- The Enterprise
- The Recorder
The Charles County Board of Appeals voted unanimously Tuesday evening to approve all requested variances for a hotly contested Waldorf slaughterhouse, allowing the business to remain open.
In February, the appeals board held a public hearing for county citizens to voice their opinions on Rick’s Place, located at the end of Petzold Drive. At the meeting, passions rose as both sides expressed their concerns. In the middle of the meeting in a brief closed session, a decision was made to keep the record open for seven days after the public hearing. The record was closed at Tuesday evening’s meeting, during which the Petzold Drive property was the only item on the agenda.
The variances requested were for acreage — as Rick’s Place operates on 10 acres of land and the minimum is 20 — location in proximity to the nearest road right of way and access to an arterial road.
Almost all board members spoke in favor of Rick’s Place. Board member Brendan Moon described it as “the most complicated case to come before the board over the course of my term.”
In his evaluation of the case, Moon also said the use of Petzold Drive, a privately owned nonarterial residential road, seemed to be the “only controversial aspect” in the case, and pointed to the “unclear” legal status surrounding its operation.

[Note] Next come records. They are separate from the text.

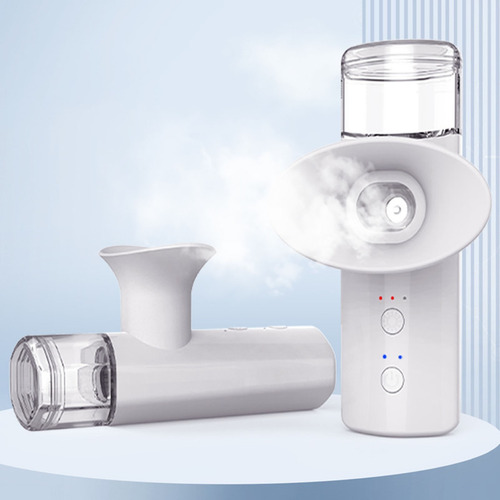Spray Humectante Para Aliviar La Fatiga Ocular. Lavador De O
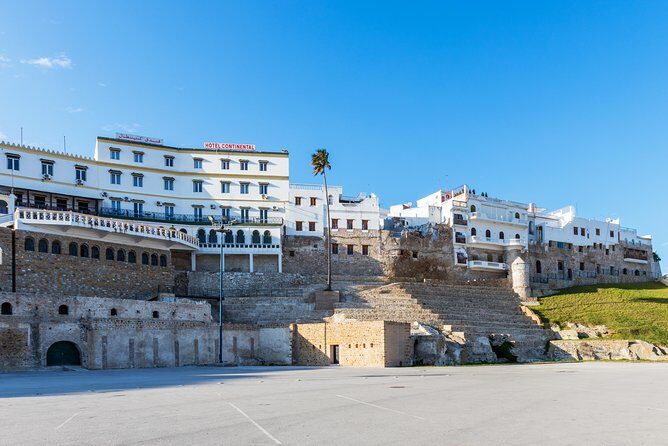 2 Days Tangier (Morocco) Trip from Seville - Hercules Cave and camel stop: a fun diversion or a tourist trap?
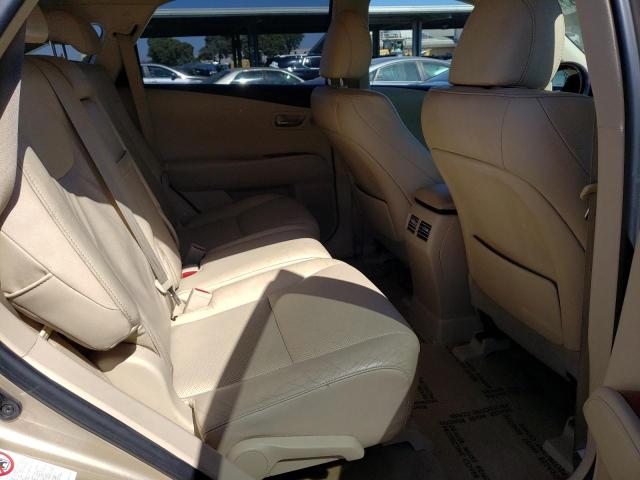 Photo 10 from auction – 2010 LEXUS RX 450H with VIN JTJBC1BA3A2019219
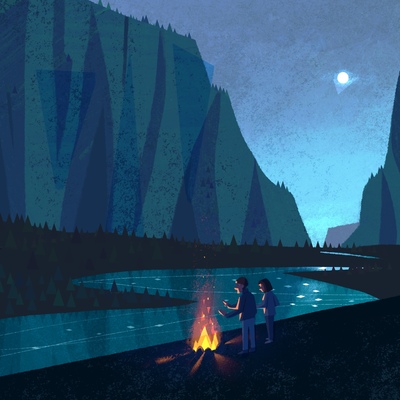 camping-illustration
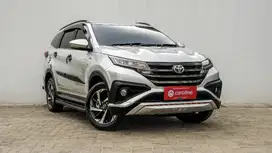 RUSH S TRD 1.5 AT 2018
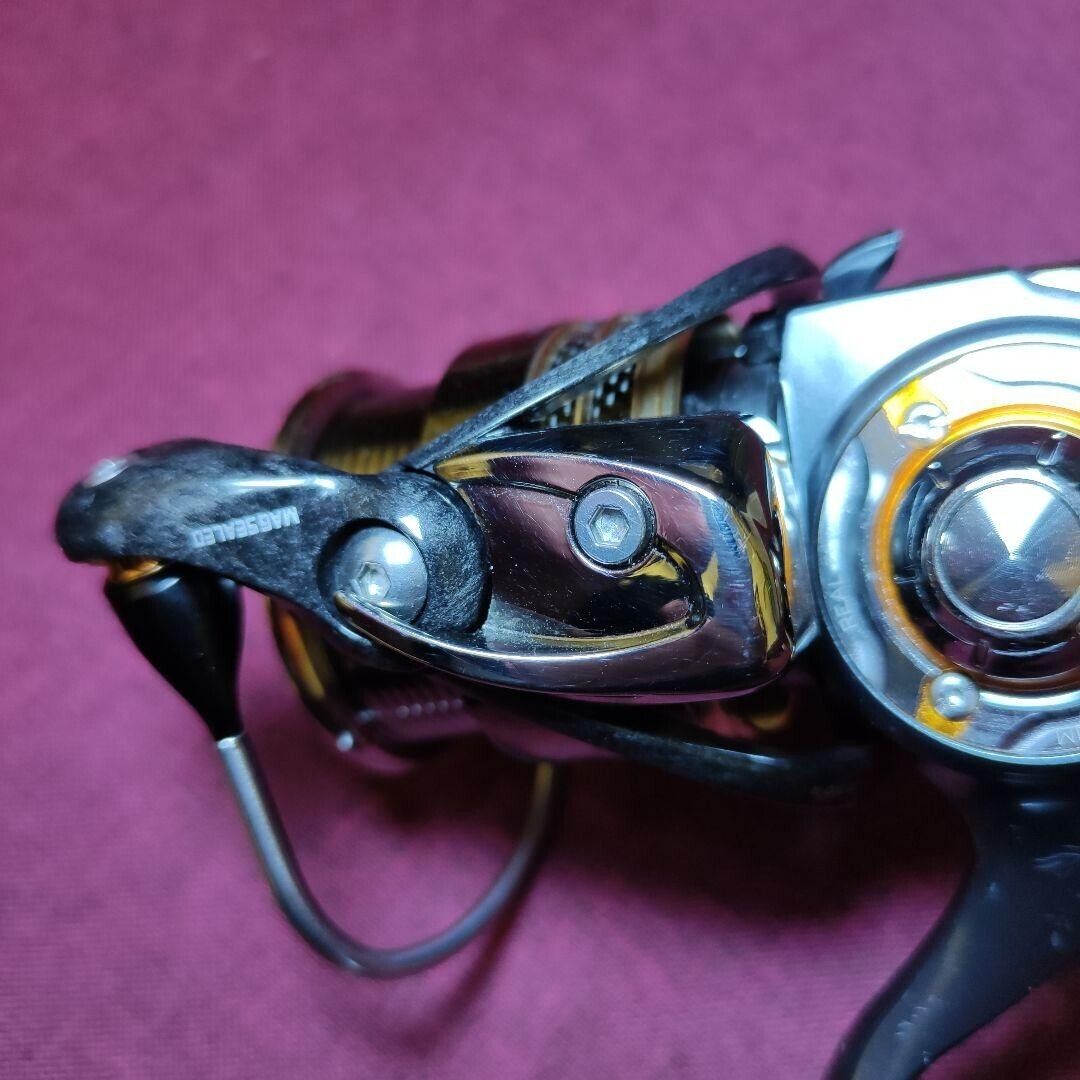 DAIWA 13 CERTATE 2004 Spinning Reel Gear Ratio 4.8:1 Weight 220g F/S from Japan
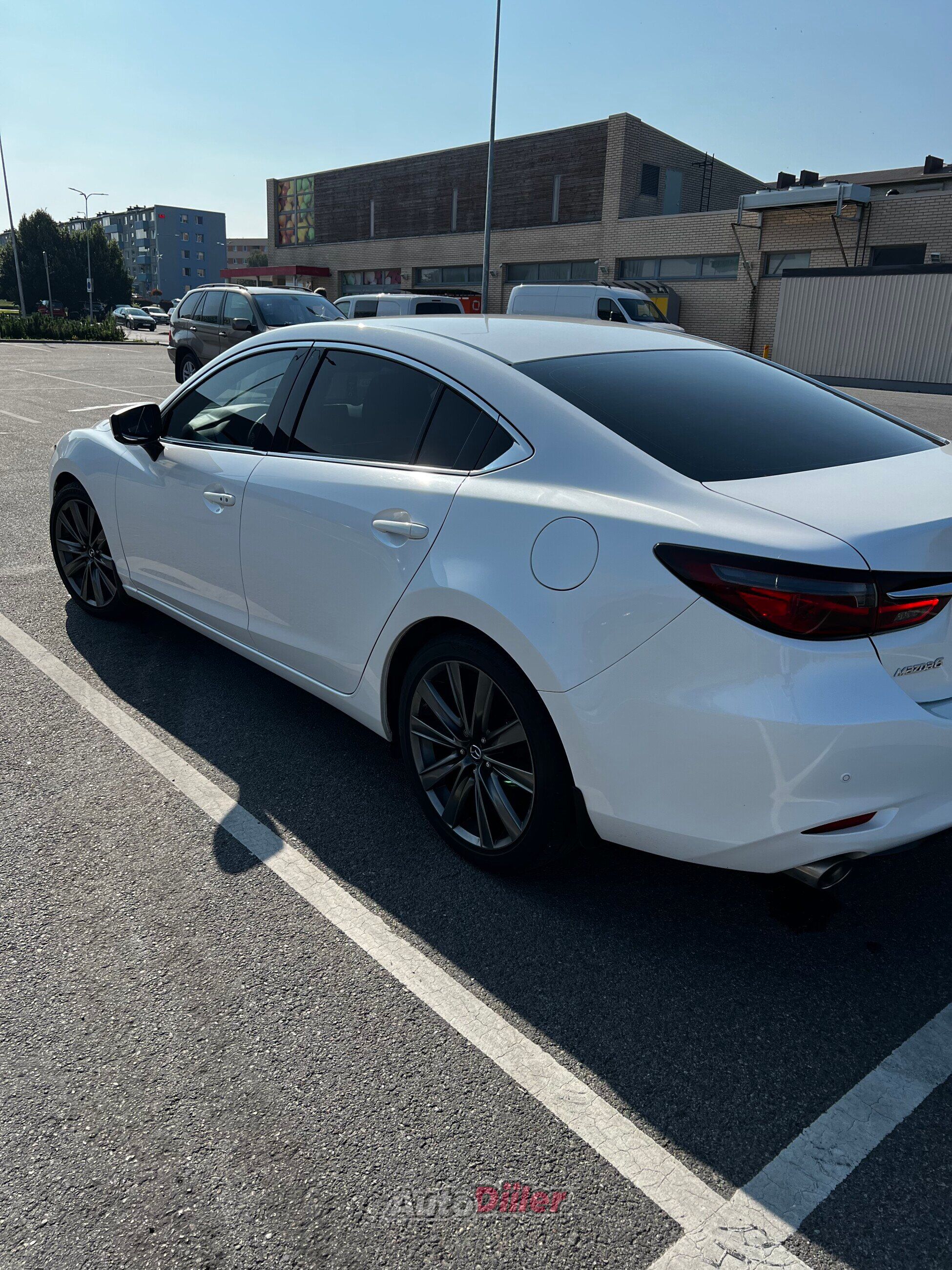 Mazda 6 2.5 143kW 2019, photo 5/10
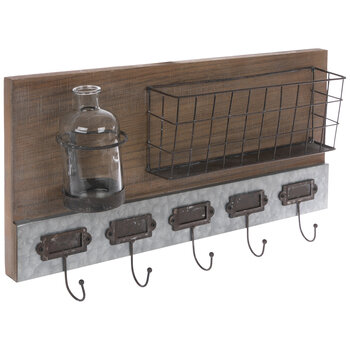 Rustic Wood Wall Organizer With Hooks Hobby Lobby 1647130 - Wall Mounted Mail Holder Hobby Lobby Rustic Wood Wall Organizer With Hooks Hobby Lobby 1647130 - Wall Mounted Mail Holder Hobby Lobby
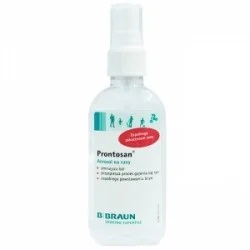 Prontosan Aerozol na rany 75 ml (W.MED) *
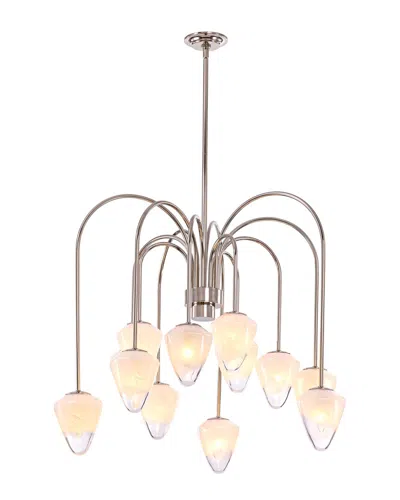 VIDALITE VIDALITE NIMBUS 12-LIGHT CHANDELIER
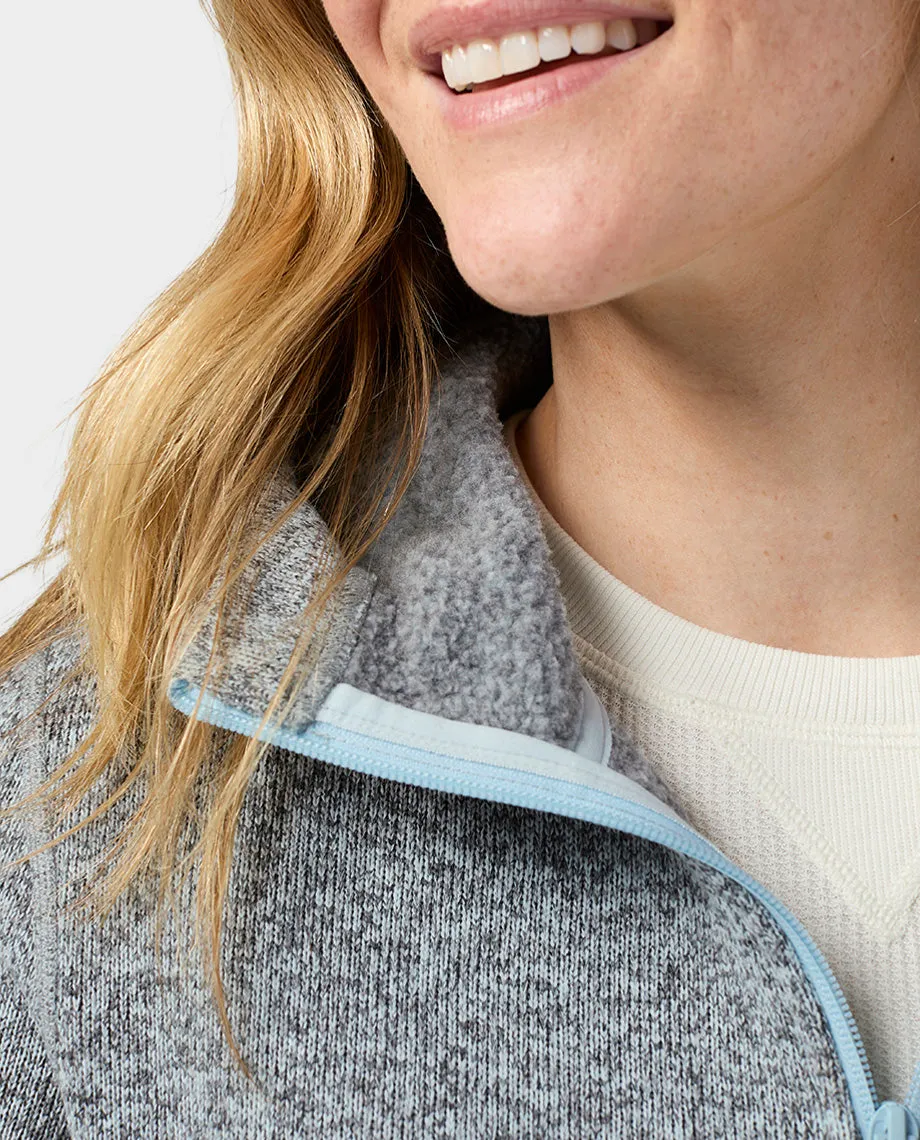 Women's Sweetwater Fleece Full Zip Hoodie
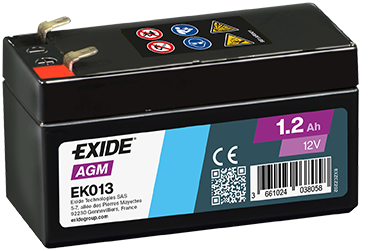 EXIDE EK013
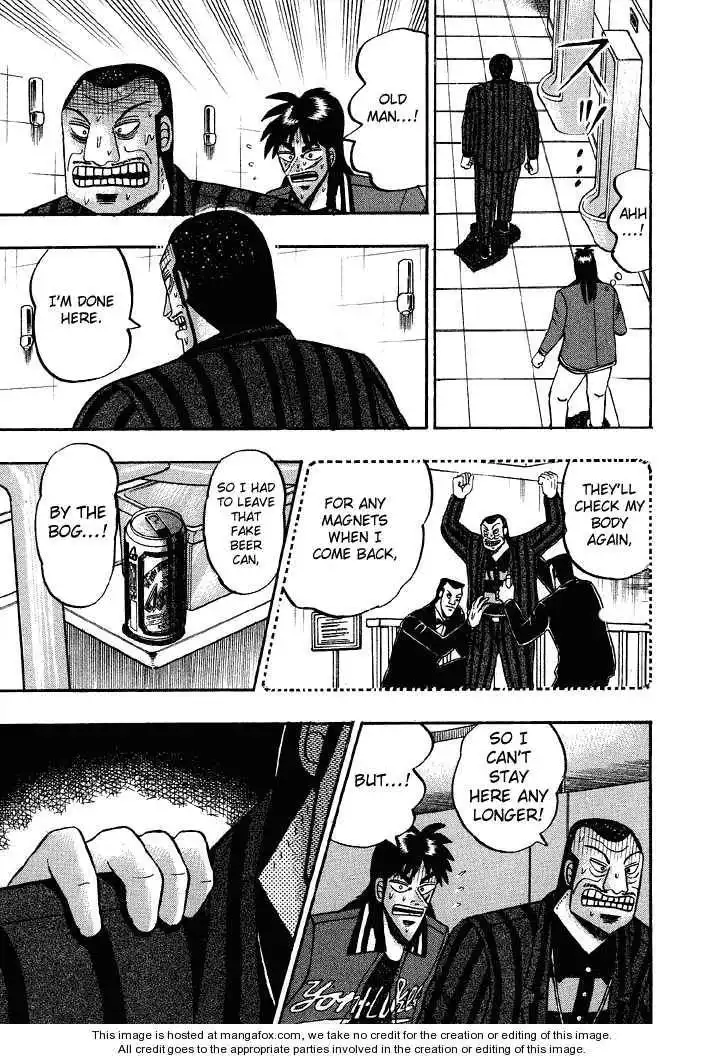 Kaiji Chapter 63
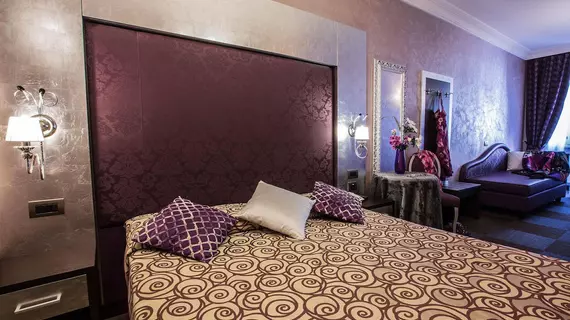 Hotel Romano | Lazio - Roma (ve civarı) - Roma Kent Merkezi - Monti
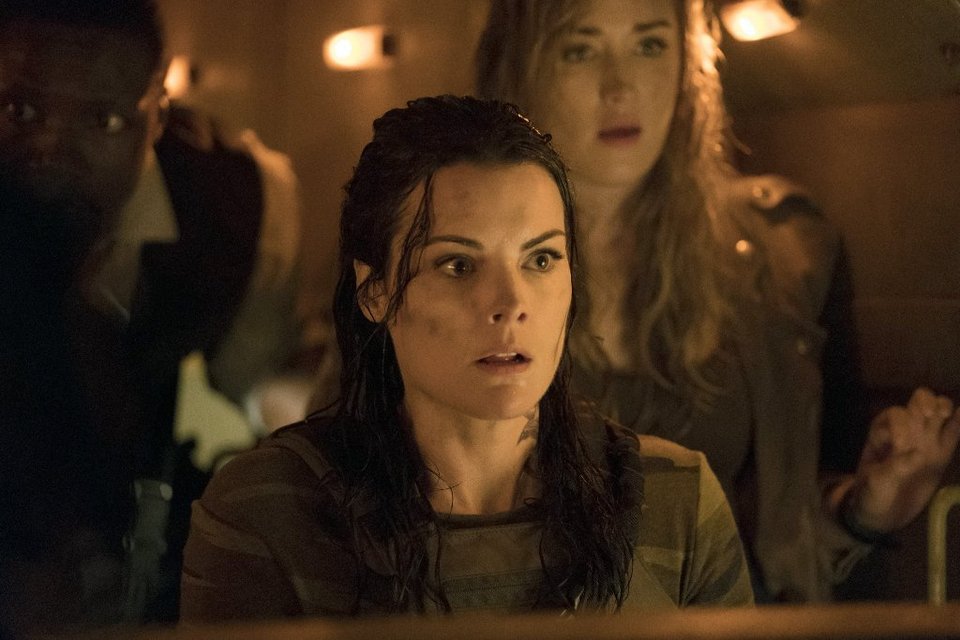 «Blindspot III»: Ο νέος κύκλος της συναρπαστικής σειράς αποκλειστικά στη Nova [εικόνες & βίντεο] | iefimerida.gr 0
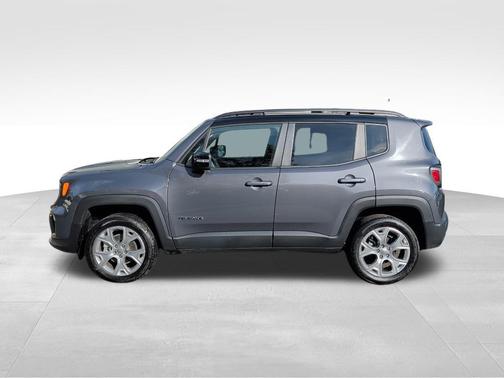 2023 Jeep Renegade Limited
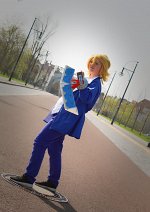 Cosplay-Cover: Joey Wheeler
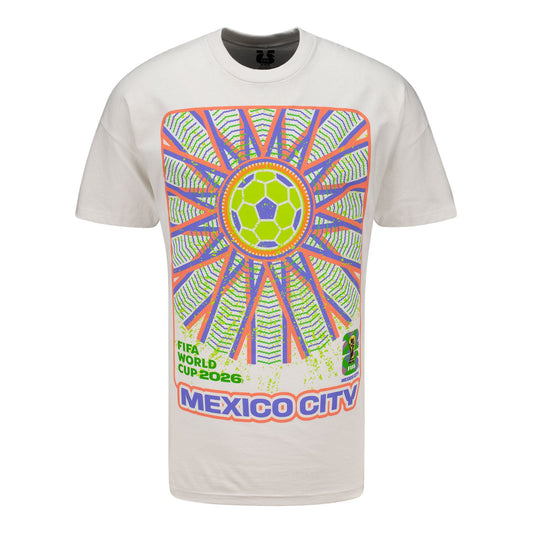 FIFA World Cup 2026™ Mexico City Homestyle T-Shirt - Unisex
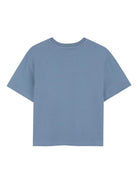T-shirt per bambino The Marc Jacobs Kids con stampa grafica sul davanti W60763 80B THE MARC JACOBS KIDS 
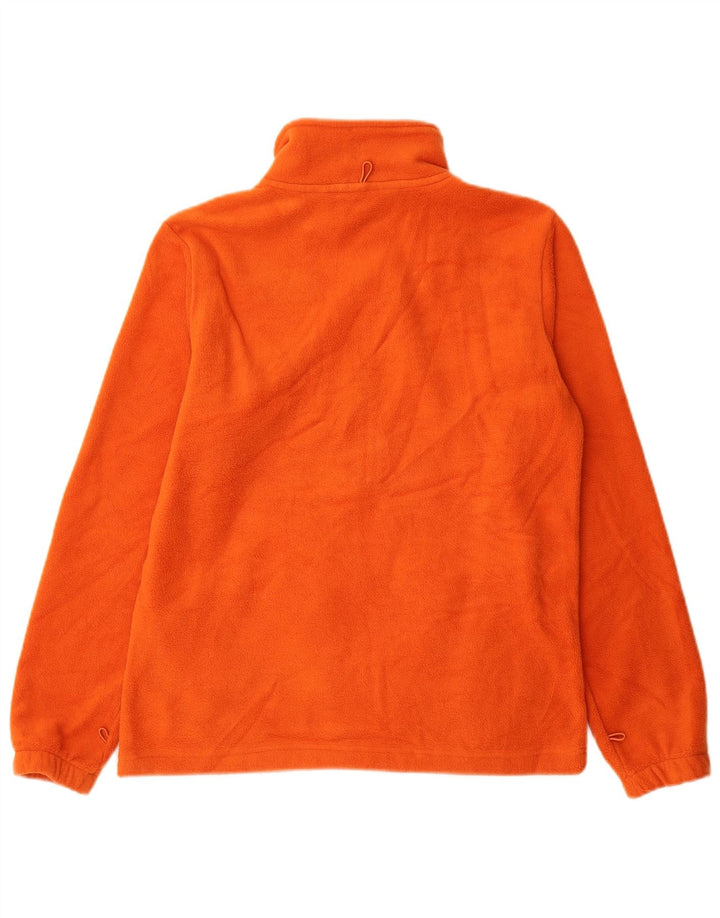 Jachetă din lână pentru bărbați Mountain Warehouse, UK 34 XS, poliester portocaliu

Moon said he supported the approval of all variances on the condition that the operation be used for meat processing only and not to hold live animals prior to slaughter.
Board member Jean Schappet said she considered owner Richard Turner to be “both a good steward of the property and the access easement that they’re granted, and they’ve maintained that with integrity for 10 years.”
“Though they are not in compliance with the terms of these variances ... they’ve maintained a good business posture throughout the entire history of their business and, in doing so, I think, stand themselves in good stead to be afforded the three variances they need to comply with the requirements of the special exception,” Schappet added.
The sole board member to voice objections was Vice Chairwoman Natalie McKinney.
“The way I see it from the review of the evidence, it seems this business has somewhat outgrown the neighborhood. I look at it as more commercial than anything,” McKinney said. “It’s just too much to handle in a residential area.”
McKinney ultimately voted in favor of all three variances.
Chairman Luke Hannah said he had given the matter a lot of consideration between hearings and felt that classifying the business as a slaughterhouse “puts it in an unfair category for what Mr. Turner does.” Hannah went on to say he favored approving all three variances.
The board approved all three motions, drawing applause from the crowd.
Petzold Drive resident Ray Johnston, an opponent of the slaughterhouse, declined to comment Wednesday afternoon, citing advice from his lawyer, Port Tobacco attorney Roger Fink. Johnston said that he and the six neighbors that Fink represent are not willing to let the matter drop so easily.
Richard Turner declined a request for comment Tuesday evening after the meeting and did not return later calls for comment.